2. Check Current Network Errors

Use the following command to check the current network errors on the affected instance:

ifconfig -a

Expected Output

You should see an output similar to this, with error counts for each network interface:

eth0      Link encap:Ethernet  HWaddr 00:0c:29:68:8c:7b  
          inet addr:192.168.1.100  Bcast:192.168.1.255  Mask:255.255.255.0
          UP BROADCAST RUNNING MULTICAST  MTU:1500  Metric:1
          RX packets:123456 errors:0 dropped:0 overruns:0 frame:0
          TX packets:123456 errors:10 dropped:0 overruns:0 carrier:0
          collisions:0 txqueuelen:1000 
          RX bytes:12345678 (12.3 MB)  TX bytes:12345678 (12.3 MB)

3. Identify the Affected Interface

Determine which network interface is experiencing high transmit errors. In the example above, eth0 has 10 transmit errors.

4. Check Network Interface Statistics

To get more detailed statistics for the affected interface, use:

ethtool -S eth0

Replace eth0 with the actual interface name.

Expected Output

This command provides detailed statistics for the network interface:

NIC statistics:
     rx_packets: 123456
     tx_packets: 123456
     rx_errors: 0
     tx_errors: 10
     ...

5. Restart Network Interface

If the errors are persistent, consider restarting the network interface:

sudo ifdown eth0 && sudo ifup eth0

Expected Output

Check the interface status again to ensure it is up and running:

ifconfig eth0

You should see the interface listed as UP.

6. Check for Network Configuration Issues

Ensure that the network configuration is correct. Check the network configuration file (usually /etc/network/interfaces or /etc/netplan/*.yaml):

cat /etc/network/interfaces

Expected Output

Review the configuration to ensure there are no errors or misconfigurations.

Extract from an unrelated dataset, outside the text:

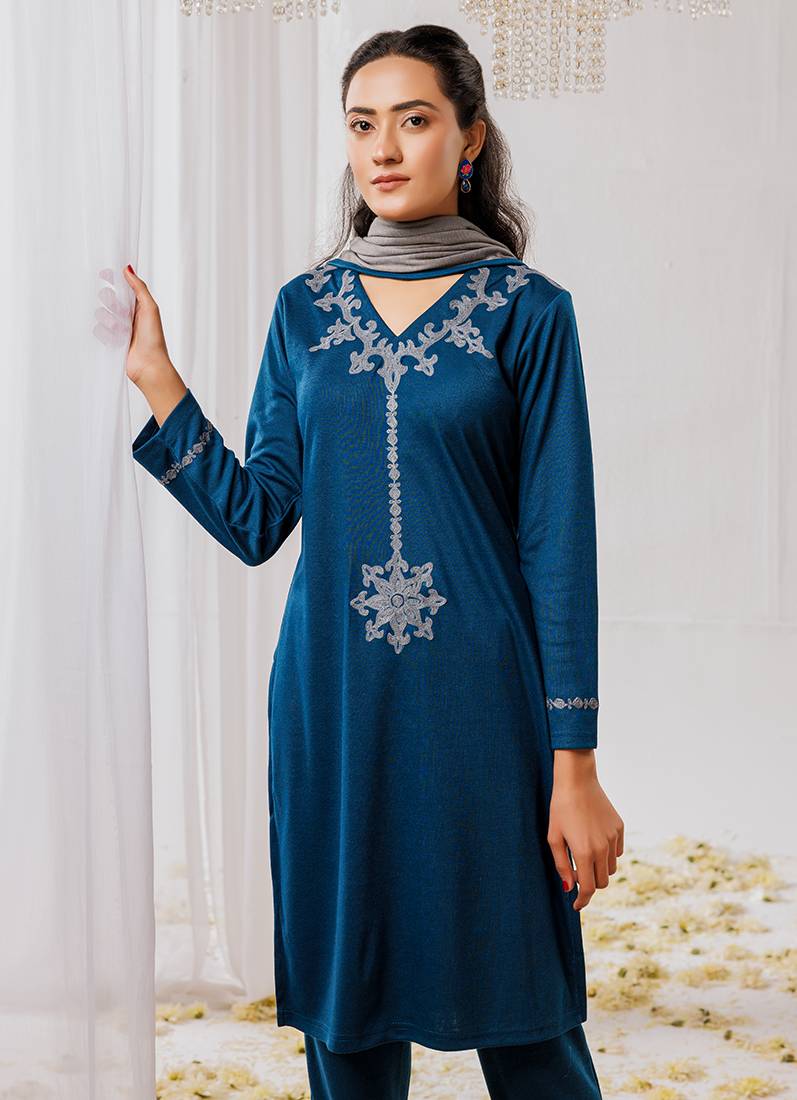 Teal Woollen Knitwear Suits with Dupatta - Image 4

7. Update Prometheus Configuration

If the network error threshold needs adjustment, update the Prometheus alert expression and reload the configuration:

Edit the Prometheus configuration file (usually prometheus.yml):

- alert: NodeNetworkTransmitErrs
  expr: rate(node_network_transmit_errs_total[2m]) / rate(node_network_transmit_packets_total[2m]) > 0.01
  for: 5m
  labels:
    severity: critical
  annotations:
    summary: "High network transmit errors on {{ $labels.instance }}"
    description: "Network transmit errors are above 1% on {{ $labels.instance }}."

Reload Prometheus configuration:

curl -X POST http://<prometheus_host>:<prometheus_port>/-/reload

Expected Output

Prometheus should reload the configuration without errors, and the alert should be updated accordingly.

Conclusion

By following these steps, you should be able to troubleshoot and resolve the “NodeNetworkTransmitErrs” alert. If the issue persists, further investigation into the specific network interface and its configuration may be necessary.